FOOTPRINTS
ANNA SPERBER
July 21–23, 8 p.m., $34.50
Reynolds Industries Theater
125 Science Drive, Durham
919-684-6402
www.americandancefestival.org

A couple of days before the Fourth of July, Anna Sperber instructs her dancers to pay attention to their breathing as they lie motionless on the stage, their eyes closed. Rehearsing at the Durham School of the Arts, the college-age women begin to awaken from their meditative statesort of.
Some sit up, but others can’t seem to rise. Sperber, in a calming near-whisper, directs them to slowly become fully alert. Soon, they’re darting about the stage, sometimes colliding with each other.

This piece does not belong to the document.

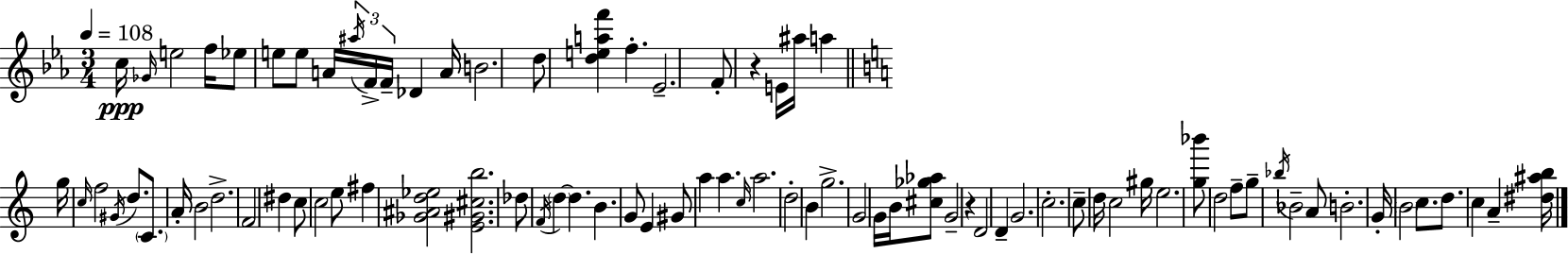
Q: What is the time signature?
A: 3/4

In two weeks, they’ll perform in Footprints, where the American Dance Festival enlists noted choreographers to develop new works with ADF students. This year’s program also features Gregory Maqoma and Wynn Fricke.

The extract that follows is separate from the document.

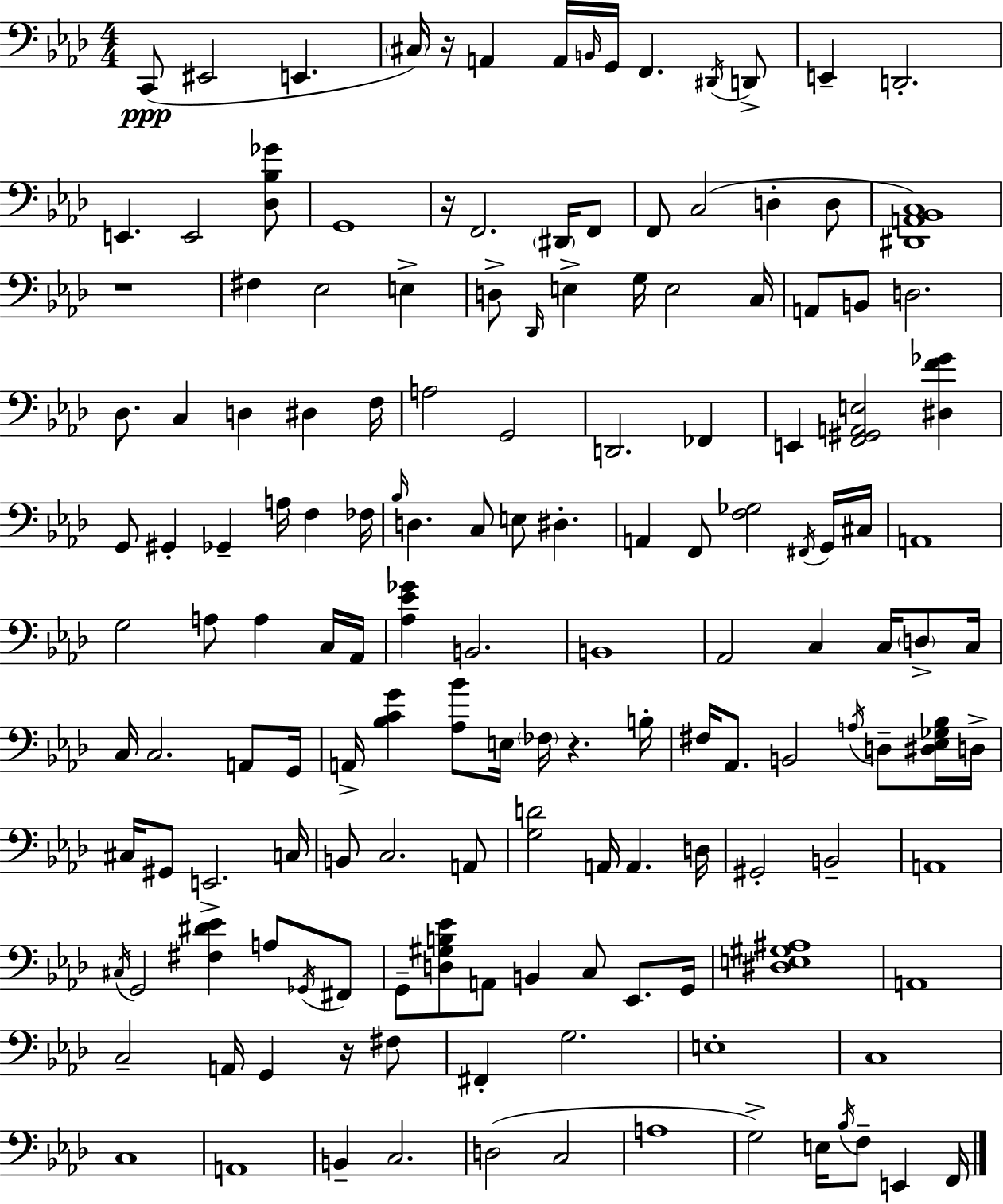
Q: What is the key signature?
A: AES major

In 1996, Sperber was in the same position as her students, working under Lenka Flory. But since her time at ADF, she’s made a name for herself in New York, presenting at prestigious venues such as The Kitchen and The Brooklyn Museum of Art. Now she is the one running the show.

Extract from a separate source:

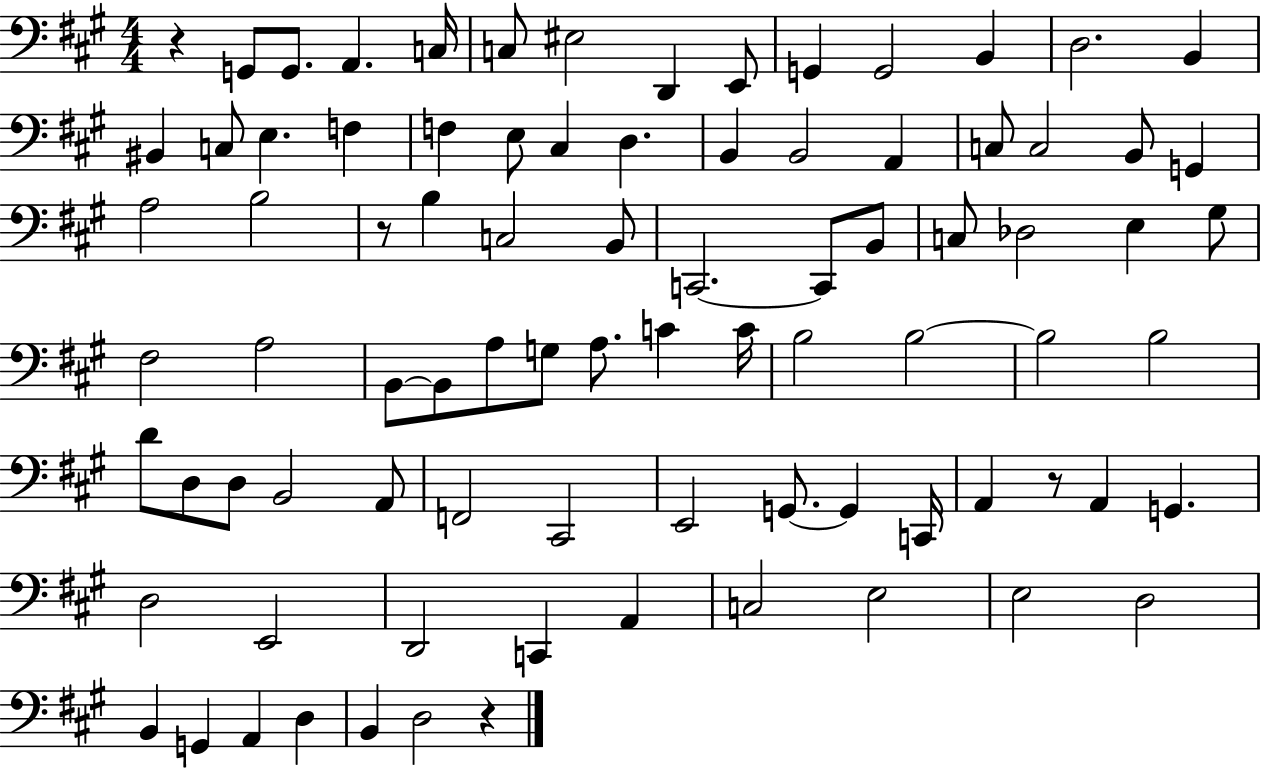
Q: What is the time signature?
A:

“My process is thinking of space,” Sperber explains. “The core of my interest is in the primacy of the performer and the moving body; the movement as an energetic expression.” She might spend a year creating a full-length performance, but for this shorter piece, she has only six weeks.
As dance critic Siobhan Burke wrote in The New York Times, “With its heady mix of lyricism and rigor, Ms. Sperber’s work is worth watching at any stage of development.” Though raw, the movements in the rehearsal already show signs of Sperber’s style of organic, abstract repetition.
Sperber approached the collaboration without any preconceived ideas. At root, the work is not about narrative meaning, but about what the dancers and viewers allow themselves to find in it.
“The actual experience is what is interesting to me,” Sperber says. “Like the sensation of moving, or the sensations of light and space. The performance is an avenue of giving.”
This article appeared in print with the headline “Bustle & flow.”